#### [TASK ITEM]
Copy out the entries below exactly as they stand, but only from the line containing "Higanjima - Đảo ma cà rồng: Chapter 131" through the line containing "Hooker Blackheart Header-Back".

#### [EXERCISE MATERIAL]
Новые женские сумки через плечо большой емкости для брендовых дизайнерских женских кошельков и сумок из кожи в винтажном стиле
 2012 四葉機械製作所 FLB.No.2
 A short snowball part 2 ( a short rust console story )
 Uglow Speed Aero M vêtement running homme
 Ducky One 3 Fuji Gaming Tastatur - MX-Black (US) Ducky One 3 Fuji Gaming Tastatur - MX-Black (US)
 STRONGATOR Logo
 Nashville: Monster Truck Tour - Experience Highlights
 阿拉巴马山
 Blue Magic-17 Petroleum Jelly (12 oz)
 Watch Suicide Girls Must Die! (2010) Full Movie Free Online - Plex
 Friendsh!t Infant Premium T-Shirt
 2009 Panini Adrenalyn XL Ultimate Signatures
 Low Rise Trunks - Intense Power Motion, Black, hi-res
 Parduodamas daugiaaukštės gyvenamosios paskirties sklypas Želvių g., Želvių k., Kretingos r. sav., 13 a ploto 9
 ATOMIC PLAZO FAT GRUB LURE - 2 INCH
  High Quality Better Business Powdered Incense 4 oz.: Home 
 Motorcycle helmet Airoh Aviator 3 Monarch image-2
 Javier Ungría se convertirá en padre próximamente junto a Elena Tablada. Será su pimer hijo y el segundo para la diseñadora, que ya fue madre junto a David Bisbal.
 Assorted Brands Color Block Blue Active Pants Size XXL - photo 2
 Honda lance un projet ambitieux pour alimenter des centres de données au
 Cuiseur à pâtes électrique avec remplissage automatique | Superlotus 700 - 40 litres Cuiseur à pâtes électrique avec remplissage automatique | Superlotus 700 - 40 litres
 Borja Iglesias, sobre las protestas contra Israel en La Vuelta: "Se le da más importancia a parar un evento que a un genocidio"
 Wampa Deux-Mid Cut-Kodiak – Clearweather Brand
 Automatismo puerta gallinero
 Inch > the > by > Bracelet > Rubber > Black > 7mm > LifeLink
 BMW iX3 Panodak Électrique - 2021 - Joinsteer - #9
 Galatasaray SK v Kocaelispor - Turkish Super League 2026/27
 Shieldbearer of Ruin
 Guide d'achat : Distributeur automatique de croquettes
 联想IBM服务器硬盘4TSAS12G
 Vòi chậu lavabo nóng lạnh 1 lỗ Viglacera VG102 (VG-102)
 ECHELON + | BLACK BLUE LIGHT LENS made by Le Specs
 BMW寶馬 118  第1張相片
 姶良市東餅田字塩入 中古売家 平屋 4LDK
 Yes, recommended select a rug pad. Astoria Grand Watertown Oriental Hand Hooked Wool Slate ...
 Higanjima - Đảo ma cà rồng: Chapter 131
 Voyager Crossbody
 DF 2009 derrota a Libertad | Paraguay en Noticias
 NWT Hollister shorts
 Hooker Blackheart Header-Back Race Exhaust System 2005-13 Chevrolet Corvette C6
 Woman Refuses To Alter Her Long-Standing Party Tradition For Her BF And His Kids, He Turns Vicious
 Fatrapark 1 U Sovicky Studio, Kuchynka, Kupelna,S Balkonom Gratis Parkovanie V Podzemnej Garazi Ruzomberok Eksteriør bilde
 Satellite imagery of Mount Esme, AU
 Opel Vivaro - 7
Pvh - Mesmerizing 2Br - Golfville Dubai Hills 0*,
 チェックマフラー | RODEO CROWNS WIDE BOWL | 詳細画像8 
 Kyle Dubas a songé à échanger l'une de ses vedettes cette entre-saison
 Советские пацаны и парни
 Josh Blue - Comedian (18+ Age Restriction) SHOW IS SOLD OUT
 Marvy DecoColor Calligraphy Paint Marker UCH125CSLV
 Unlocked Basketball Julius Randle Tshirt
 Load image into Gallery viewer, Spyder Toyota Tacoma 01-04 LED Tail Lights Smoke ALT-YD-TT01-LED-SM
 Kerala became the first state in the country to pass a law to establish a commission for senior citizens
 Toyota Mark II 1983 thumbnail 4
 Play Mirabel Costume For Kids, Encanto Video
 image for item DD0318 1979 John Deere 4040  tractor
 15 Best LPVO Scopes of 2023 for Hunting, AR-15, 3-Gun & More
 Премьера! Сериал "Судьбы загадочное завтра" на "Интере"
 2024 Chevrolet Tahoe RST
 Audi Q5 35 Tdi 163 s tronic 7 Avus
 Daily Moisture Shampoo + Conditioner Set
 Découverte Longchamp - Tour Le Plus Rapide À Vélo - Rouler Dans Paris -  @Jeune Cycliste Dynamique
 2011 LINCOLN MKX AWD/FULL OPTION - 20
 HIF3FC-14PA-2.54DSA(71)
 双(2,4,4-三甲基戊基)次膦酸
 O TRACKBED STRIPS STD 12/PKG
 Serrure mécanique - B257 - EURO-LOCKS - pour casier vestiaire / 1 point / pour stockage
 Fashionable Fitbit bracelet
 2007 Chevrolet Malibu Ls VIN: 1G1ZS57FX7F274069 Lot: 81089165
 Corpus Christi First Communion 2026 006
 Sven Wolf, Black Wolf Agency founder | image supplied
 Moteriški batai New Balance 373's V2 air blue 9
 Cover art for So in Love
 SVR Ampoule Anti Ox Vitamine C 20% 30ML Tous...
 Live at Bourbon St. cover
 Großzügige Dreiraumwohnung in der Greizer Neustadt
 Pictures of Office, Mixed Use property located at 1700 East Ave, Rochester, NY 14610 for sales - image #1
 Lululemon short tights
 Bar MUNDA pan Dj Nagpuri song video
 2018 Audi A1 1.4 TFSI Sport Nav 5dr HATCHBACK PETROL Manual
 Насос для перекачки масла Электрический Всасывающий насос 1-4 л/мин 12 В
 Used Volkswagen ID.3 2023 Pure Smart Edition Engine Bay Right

#### [EXERCISE OUTPUT]
 Higanjima - Đảo ma cà rồng: Chapter 131
 Voyager Crossbody
 DF 2009 derrota a Libertad | Paraguay en Noticias
 NWT Hollister shorts
 Hooker Blackheart Header-Back Race Exhaust System 2005-13 Chevrolet Corvette C6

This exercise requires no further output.